I am writing code to process a list of tar.gz files, inside which there are multiple, csv files. I have encountered the error below
com.opencsv.exceptions.CsvMalformedLineException: Unterminated quoted field at end of CSV line. Beginning of lost text: [,,,,,,
]
at com.opencsv.CSVReader.primeNextRecord(CSVReader.java:245)
at com.opencsv.CSVReader.flexibleRead(CSVReader.java:598)
at com.opencsv.CSVReader.readNext(CSVReader.java:204)
at uk.ac.shef.inf.analysis.Test.readAllLines(Test.java:64)
at uk.ac.shef.inf.analysis.Test.main(Test.java:42)
And the code causing this problem is below, on line B.
public class Test {
public static void main(String[] args) {
try {
Path source = Paths.get("/home/xxxx/Work/data/amazon/labelled/small/Books_5.json.1.tar.gz");
InputStream fi = Files.newInputStream(source);
BufferedInputStream bi = new BufferedInputStream(fi);
GzipCompressorInputStream gzi = new GzipCompressorInputStream(bi);
TarArchiveInputStream ti = new TarArchiveInputStream(gzi);
CSVParser parser = new CSVParserBuilder().withStrictQuotes(true)

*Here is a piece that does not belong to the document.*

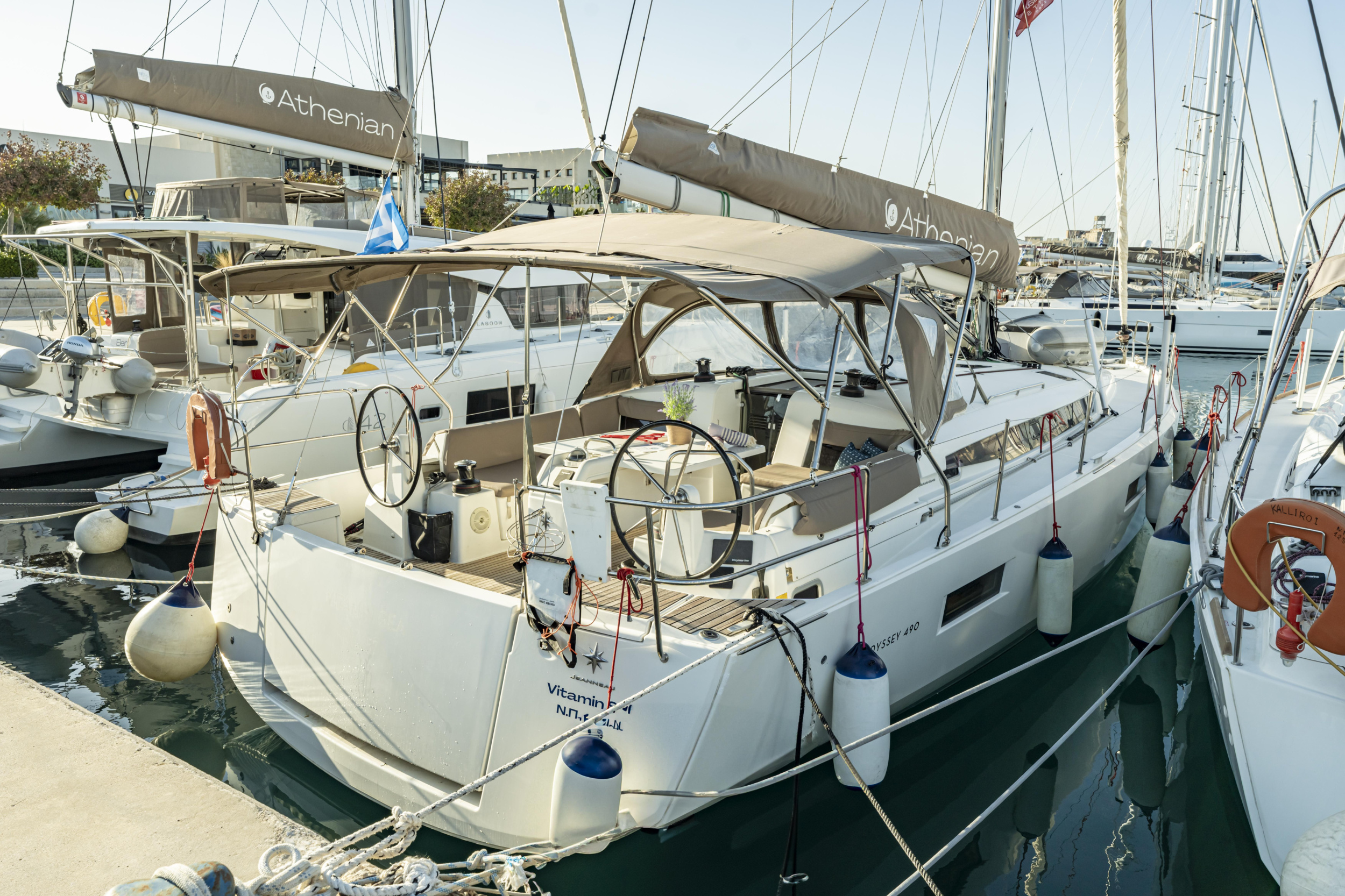 Sun Odyssey 490 4 cabins — photo 6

.withQuoteChar('"').withSeparator(',').
.withEscapeChar('|'). // Line A
build();
BufferedReader br = null;
ArchiveEntry entry;
entry = ti.getNextEntry();
while (entry != null) {
br = new BufferedReader(new InputStreamReader(ti)); // Read directly from tarInput
System.out.format("\n%s\t\t > %s", new Date(), entry.getName());
try{
CSVReader reader = new CSVReaderBuilder(br).withCSVParser(parser)
.build();
List<String[]> r = readAllLines(reader);
} catch (Exception ioe){
ioe.printStackTrace();
}
System.out.println(entry.getName());
entry=ti.getNextEntry(); // Line B
}
}catch (Exception e){
e.printStackTrace();
}
}
private static List<String[]> readAllLines(CSVReader reader) {
List<String[]> out = new ArrayList<>();
int line=0;
try{
String[] lineInArray = reader.readNext();
while(lineInArray!=null) {
//System.out.println(Arrays.asList(lineInArray));
out.add(lineInArray);
line++;
lineInArray=reader.readNext();
}
}catch (Exception e){
System.out.println(line);
e.printStackTrace();
}
System.out.println(out.size());
return out;
}
}
I also attach a screenshot of the actual line within the csv file that caused this problem here, look at line 5213. I also include a test tar.gz file here: https://drive.google.com/file/d/1qHfWiJItnE19-BFdbQ3s3Gek__VkoUqk/view?usp=sharing
While debugging, I have some questions.
- I think the issue is the \ character in the data file (line 5213 above), which is the escape character in Java. I verified this idea by adding line A to my code above, and it works. However, obviously I don't want to hardcode this as there can be other characters in the data causing same issue. So my question 1 is: is there anyway to tell Java to ignore escape characters? Something like the opposite of
withEscapeChar('|')
? UPDATE: the answer is to use '\0', thanks to the first comment below. - When debugging, I notice that my program stops working on the next .csv file within the tar.gz file as soon as it hit the above exception. To explain what I mean, inside the tar.gz file included in the above link, there are two csvs: _10.csv and _110.csv. The problematic line is in _10.csv. When my program hit that line, an exception is thrown and the program moves on to the next file _110.csv (
entry=ti.getNextEntry();
). This file is actually fine, but the methodreadAllLines
that is supposed to read this next csv file will throw the same exception immediately on the first line. I don't think my code is correct, especially thewhile
loop: I suspect the input stream was still stuck at the previous position that caused the exception. But I don't know how to fix this. Help please?